WASHINGTON, D.C. – U.S. Senator Frank R. Lautenberg (D-NJ), Congressman Rush Holt (D-NJ-12), officials from the University of Medicine and Dentistry of New Jersey (UMDNJ) and military leaders including David L. McGinnis, the Acting Assistant Secretary of Defense for Reserve Affairs; General Craig R. McKinley, Chief, National Guard Bureau; Lt. General William E. Ingram Jr., Director of the Army National Guard; and Lt. General Jack C. Stultz, Chief, Army Reserve today announced the national launch of Vets4Warriors. Vets4Warriors is a new national outreach and support initiative that will provide critical military peer-to-peer counseling to National Guardsmen and Reservists 24 hours a day, 365 days a year.
Vets4Warriors takes an unprecedented approach to veterans outreach by providing a help line where service members can find assistance with everyday life issues, as well as serious mental health problems, from another veteran who knows the challenges of military life. The program was originally established in New Jersey by UMDNJ in 2005 and has a proven record of successfully serving local military men and women.
“We can’t just stand behind our military on the battlefield – we must also stand behind them when they return home. Too many veterans are coming home with mental wounds and they are suffering in silence. This peer support line will mean that our veterans have help with their concerns and questions before they reach crisis levels. We won’t rest until military and veteran suicides are a thing of the past. The help line at UMDNJ in New Jersey has been a tremendous success and I applaud the Defense Department and Guard Bureau for embracing it and using it as a model to help military men and women in every state,” said Lautenberg, an Army veteran.

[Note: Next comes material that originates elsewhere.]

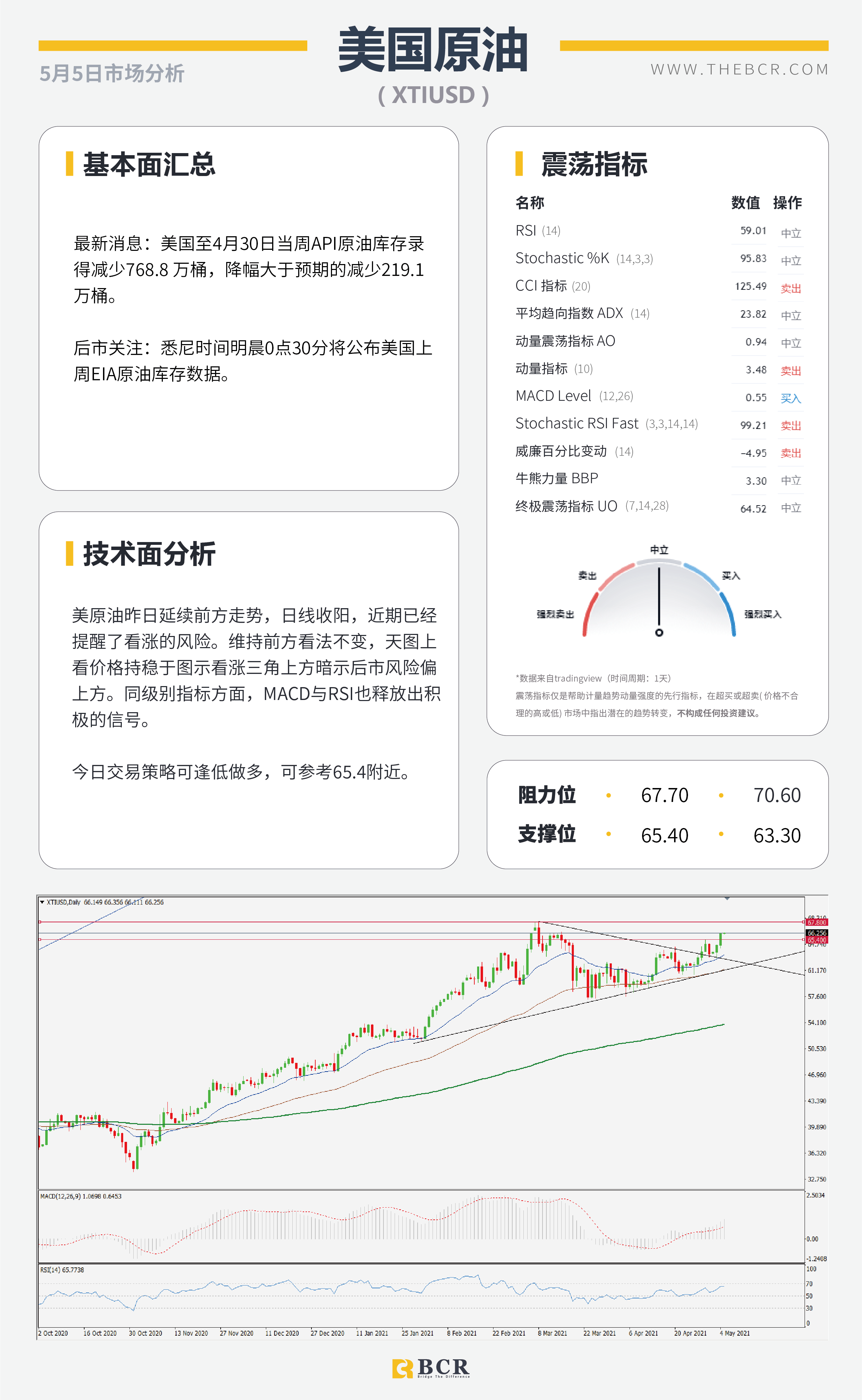 【百汇BCR今日市场分析2021.05.05】耶伦发言引发汇市震荡, 黄金难破千八进退两难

“Over the last two years, more U.S. soldiers have died by their own hands than in combat. On average, we lose 18 veterans to suicide each day. This is intolerable, and it has to stop. UMDNJ’s Vet2Vet peer counseling program has proven exceptionally effective at providing counseling, compassion, and support to veterans, and it has a proven track record of preventing suicide. Its expansion nationwide will bring much-needed and much-deserved help to America’s veterans,” said Rep. Rush Holt (D-NJ-12).
“Since 9-11, more than 660,000 National Guardsmen and women, some multiple times, have served side-by-side with their active duty counterparts to defend this nation. Now, some of these service members need our help to properly and safely reintegrate back with their loved ones and employers. This unique program will give our Guard and Reserve veterans the care and support they so selflessly earned,” said General Craig R. McKinley.
“We, at UMDNJ, are honored to support our brave warriors and veterans who have given so selflessly to our Country. Our trained veterans, who have lived the military life, provide knowledgeable support for as long as necessary. Often our peer counselor will maintain regular contact with the service member for weeks or months –ensuring that the problems are resolved. We are indebted to Senator Lautenberg, the Department of Defense and the National Guard Bureau for their support of Vets4Warriors,” said William Owen, President of UMDNJ.
Vets4Warriors began six years ago as a program for New Jersey veterans at UMDNJ. Due to its proven effectiveness, Lautenberg advocated to President Obama, the Defense Department and the National Guard that it be made into a national program. The help line will now be available to Guardsmen and Reservists in all 54 states and territories.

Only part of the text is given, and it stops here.